“Talking about that Cossack again!” yawned his wife. “You have got him on the brain.”

“He has served his Tsar, shed his blood maybe, and we treated him as though he were a pig. We ought to have brought the sick man home and fed him, and we did not even give him a morsel of bread.”

“Catch me letting you spoil the Easter cake for nothing! And one that has been blessed too! You would have cut it on the road, and shouldn’t I have looked a fool when I got home?”

Without saying anything to his wife, Maxim went into the kitchen, wrapped a piece of cake up in a napkin, together with half a dozen eggs, and went to the labourers in the barn.

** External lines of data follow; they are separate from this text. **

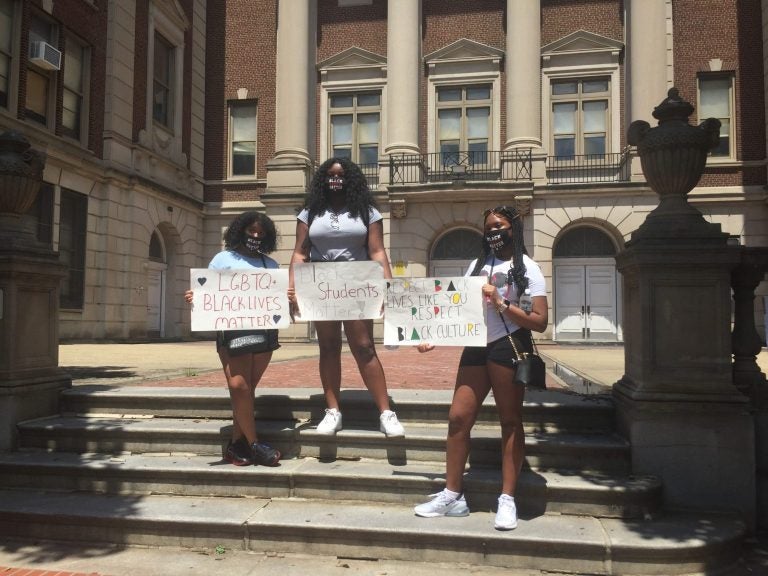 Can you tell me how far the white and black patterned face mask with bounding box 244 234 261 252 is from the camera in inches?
183

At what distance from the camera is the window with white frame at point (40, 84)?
1591 centimetres

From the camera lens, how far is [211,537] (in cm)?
384

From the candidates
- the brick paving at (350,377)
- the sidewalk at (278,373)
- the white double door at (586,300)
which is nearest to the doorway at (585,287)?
the white double door at (586,300)

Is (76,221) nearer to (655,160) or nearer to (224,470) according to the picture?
(224,470)

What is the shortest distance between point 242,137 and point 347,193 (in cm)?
2151

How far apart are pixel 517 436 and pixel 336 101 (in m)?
21.7

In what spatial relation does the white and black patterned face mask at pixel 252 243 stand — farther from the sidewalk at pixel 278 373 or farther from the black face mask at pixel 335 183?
the sidewalk at pixel 278 373

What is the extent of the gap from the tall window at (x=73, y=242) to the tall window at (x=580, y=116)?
16.0 meters

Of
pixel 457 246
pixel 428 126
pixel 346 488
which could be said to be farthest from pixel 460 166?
pixel 346 488

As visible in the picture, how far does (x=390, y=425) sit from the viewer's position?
14.8 feet

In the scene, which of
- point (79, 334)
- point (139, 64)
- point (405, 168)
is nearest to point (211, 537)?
point (79, 334)

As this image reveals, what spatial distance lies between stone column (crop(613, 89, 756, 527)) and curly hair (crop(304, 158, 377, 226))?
206cm

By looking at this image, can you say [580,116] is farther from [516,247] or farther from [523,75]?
[516,247]

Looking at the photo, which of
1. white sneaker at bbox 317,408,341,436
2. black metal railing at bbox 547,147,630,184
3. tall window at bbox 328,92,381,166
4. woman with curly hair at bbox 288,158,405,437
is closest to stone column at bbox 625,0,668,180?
black metal railing at bbox 547,147,630,184
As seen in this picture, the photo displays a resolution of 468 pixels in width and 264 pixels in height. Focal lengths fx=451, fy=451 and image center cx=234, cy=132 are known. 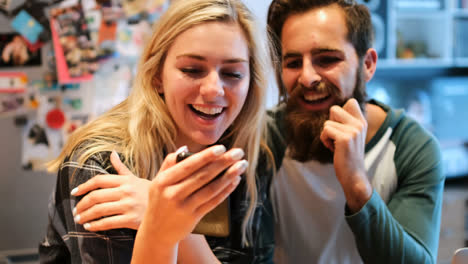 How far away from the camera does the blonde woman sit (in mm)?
903

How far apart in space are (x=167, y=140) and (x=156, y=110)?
0.08m

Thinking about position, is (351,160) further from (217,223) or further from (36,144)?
(36,144)

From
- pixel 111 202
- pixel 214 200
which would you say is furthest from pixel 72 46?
pixel 214 200

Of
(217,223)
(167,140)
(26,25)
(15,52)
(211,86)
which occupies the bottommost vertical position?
(217,223)

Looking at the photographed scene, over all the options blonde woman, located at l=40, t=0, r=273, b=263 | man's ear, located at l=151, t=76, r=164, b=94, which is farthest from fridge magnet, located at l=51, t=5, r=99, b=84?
man's ear, located at l=151, t=76, r=164, b=94

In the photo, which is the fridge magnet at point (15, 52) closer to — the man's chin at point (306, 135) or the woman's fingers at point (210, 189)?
the man's chin at point (306, 135)

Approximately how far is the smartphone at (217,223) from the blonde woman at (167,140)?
0.23 ft

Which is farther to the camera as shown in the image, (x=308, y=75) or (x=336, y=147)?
(x=308, y=75)

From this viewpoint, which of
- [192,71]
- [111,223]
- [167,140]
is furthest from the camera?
[167,140]

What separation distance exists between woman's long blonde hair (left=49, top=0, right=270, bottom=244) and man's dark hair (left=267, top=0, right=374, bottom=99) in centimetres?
16

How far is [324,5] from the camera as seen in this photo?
1283 mm

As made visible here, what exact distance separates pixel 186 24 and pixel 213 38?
0.07 m

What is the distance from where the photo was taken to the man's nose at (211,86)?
3.22ft

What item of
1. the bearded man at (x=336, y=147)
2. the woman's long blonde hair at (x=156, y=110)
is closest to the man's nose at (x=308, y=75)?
the bearded man at (x=336, y=147)
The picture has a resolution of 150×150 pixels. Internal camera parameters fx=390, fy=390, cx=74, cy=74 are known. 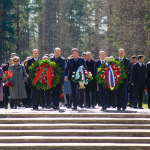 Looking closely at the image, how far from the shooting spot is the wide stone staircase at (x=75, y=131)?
1001cm

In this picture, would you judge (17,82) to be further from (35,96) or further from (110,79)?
(110,79)

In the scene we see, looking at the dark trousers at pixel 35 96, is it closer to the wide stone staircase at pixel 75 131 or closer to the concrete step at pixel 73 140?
the wide stone staircase at pixel 75 131

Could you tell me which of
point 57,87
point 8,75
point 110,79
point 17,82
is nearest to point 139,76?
point 110,79

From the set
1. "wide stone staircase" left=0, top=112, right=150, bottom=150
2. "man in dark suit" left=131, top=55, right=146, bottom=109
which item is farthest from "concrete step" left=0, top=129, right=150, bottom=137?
"man in dark suit" left=131, top=55, right=146, bottom=109

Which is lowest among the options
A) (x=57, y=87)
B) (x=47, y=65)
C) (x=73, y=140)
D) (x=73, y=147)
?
(x=73, y=147)

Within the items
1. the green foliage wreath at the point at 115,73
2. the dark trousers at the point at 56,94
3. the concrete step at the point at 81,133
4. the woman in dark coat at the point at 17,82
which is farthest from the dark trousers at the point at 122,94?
the woman in dark coat at the point at 17,82

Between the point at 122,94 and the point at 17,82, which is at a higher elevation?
the point at 17,82

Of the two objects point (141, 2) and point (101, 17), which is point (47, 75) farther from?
point (101, 17)

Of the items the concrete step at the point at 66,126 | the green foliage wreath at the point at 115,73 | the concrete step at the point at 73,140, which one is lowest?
the concrete step at the point at 73,140

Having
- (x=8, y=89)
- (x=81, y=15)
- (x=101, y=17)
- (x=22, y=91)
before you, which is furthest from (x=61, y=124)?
(x=81, y=15)

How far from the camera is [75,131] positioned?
1087cm

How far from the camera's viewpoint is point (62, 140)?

“Kuzma, put down your concertina,” he said to one of them. “Saddle the bay, or Ivantchik, and ride briskly to the Crooked Ravine. There you will see a sick Cossack with a horse, so give him this. Maybe he hasn’t ridden away yet.”

Maxim felt cheerful again, but after waiting for Kuzma for some hours, he could bear it no longer, so he saddled a horse and went off to meet him. He met him just at the Ravine.

“Well, have you seen the Cossack?”

“I can’t find him anywhere, he must have ridden on.”

“H’m⁠ ⁠… a queer business.”

Tortchakov took the bundle from Kuzma, and galloped on farther. When he reached Shustrovo he asked the peasants:

“Friends, have you seen a sick Cossack with a horse? Didn’t he ride by here? A redheaded fellow on a bay horse.”

The peasants looked at one another, and said they had not seen the Cossack.

“The returning postman drove by, it’s true, but as for a Cossack or anyone else, there has been no such.”